The oil and gas conglomerate has promised to provide high-powered electric charging points across 80 of its busiest motorway service stations in Europe.
Shell’s agreement with Ionity is part of its drive to provide more energy solutions, having recently acquired Europe’s largest charging provider NewMotion. In the UK, Shell has already rolled out a range of fast chargers in fuel stations under the name Shell Recharge.
Ionity CEO Dr. Michael Hajesch said: “Joining forces means combining Shell’s long history and experience in retail with our state-of-the-art technology for fast-charging. It will significantly increase the customer satisfaction of EV drivers.”
Ionity’s fast-charging network in Europe is already under way, and is beginning with the opening of 20 stations across Germany, Norway and Austria. The chargers will be spaced at intervals of 75 miles, which Ionity chiefs say will provide customers with “fast-charging and digital payment capability, to facilitate long-distance travel”.

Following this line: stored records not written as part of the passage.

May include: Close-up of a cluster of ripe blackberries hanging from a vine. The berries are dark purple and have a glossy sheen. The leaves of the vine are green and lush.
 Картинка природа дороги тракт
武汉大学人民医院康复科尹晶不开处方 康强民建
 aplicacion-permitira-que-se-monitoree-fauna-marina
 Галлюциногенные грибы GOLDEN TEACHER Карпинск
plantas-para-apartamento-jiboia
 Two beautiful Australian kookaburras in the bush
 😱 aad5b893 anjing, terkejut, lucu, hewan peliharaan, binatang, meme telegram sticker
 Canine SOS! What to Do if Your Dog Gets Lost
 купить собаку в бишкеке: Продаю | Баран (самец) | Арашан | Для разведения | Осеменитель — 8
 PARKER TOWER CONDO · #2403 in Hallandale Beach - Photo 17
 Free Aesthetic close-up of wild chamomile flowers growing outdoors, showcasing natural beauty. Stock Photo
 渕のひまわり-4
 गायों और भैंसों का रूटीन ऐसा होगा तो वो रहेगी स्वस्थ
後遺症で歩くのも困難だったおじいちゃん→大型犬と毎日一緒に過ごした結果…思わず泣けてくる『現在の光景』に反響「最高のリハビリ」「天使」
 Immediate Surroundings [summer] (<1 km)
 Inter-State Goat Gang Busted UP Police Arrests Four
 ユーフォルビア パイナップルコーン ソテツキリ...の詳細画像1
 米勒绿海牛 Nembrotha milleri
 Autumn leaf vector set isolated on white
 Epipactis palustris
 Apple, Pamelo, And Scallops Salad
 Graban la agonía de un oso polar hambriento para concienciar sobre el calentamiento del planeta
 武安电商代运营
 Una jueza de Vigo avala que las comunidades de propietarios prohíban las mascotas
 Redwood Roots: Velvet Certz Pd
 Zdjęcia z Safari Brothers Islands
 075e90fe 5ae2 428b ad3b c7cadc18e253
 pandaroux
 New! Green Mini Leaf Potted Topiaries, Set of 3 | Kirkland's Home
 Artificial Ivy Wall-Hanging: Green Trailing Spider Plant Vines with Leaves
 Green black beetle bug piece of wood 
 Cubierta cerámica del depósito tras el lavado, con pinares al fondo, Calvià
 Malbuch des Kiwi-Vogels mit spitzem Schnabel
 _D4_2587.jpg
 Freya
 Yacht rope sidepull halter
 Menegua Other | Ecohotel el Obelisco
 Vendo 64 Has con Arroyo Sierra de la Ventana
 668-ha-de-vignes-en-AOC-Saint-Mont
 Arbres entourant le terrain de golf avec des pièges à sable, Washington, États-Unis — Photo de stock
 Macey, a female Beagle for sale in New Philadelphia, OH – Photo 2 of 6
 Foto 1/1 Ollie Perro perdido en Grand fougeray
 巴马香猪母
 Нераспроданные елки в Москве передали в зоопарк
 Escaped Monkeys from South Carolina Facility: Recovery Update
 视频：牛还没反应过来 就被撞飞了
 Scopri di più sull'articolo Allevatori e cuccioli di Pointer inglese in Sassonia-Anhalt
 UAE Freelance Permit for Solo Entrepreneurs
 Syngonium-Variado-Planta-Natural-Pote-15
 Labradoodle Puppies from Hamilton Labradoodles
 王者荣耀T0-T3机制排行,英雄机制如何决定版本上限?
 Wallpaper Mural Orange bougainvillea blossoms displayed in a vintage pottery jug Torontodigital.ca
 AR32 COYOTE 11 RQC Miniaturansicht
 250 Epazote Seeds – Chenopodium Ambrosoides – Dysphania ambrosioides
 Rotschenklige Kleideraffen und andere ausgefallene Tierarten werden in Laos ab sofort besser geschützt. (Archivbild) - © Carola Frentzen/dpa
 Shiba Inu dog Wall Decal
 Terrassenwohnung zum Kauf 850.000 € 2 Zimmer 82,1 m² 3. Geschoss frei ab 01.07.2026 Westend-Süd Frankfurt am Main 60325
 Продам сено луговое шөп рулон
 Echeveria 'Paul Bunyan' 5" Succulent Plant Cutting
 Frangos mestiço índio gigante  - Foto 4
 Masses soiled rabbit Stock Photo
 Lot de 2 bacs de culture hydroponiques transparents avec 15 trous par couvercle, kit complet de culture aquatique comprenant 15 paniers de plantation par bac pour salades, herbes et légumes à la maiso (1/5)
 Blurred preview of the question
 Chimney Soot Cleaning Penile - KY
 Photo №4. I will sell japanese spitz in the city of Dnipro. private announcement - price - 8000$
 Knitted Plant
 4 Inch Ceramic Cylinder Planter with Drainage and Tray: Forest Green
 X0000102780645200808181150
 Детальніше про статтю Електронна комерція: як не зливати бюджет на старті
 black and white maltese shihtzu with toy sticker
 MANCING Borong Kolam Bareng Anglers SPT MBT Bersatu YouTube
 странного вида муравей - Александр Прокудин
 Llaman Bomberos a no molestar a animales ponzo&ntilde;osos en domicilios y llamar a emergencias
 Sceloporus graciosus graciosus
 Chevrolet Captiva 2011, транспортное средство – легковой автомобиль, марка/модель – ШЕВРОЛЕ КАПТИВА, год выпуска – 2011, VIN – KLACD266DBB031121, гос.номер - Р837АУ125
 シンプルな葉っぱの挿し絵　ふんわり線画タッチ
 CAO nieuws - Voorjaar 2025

By early 2018 the group will have installed 50 charging stations – a number that will rise to 100 during the year. By 2020, Ionity has promised 400 charging stations across Europe. There are currently just under 5,000 charging stations in the UK alone.
The Ionity network will offer charging speeds of “up to” 350 kilowatts (kW), allowing owners of electric vehicles the to “significantly reduce charging times compared to existing systems.” For comparison, a domestic three-pin plug charges at around 3kW and takes around 12 hours to recharge an electric car, while Tesla’s rapid Supercharger network operates at 120kW and can give a Model S’ batteries an 80 per cent charge in around 40 minutes.
By utilising the same CCS (Combined Charging System) connector throughout Ionity’s charging network, it’s hoped this type of connector will become the industry standard for charging electric vehicles; currently there are at least four different types of connectors used on charging stations.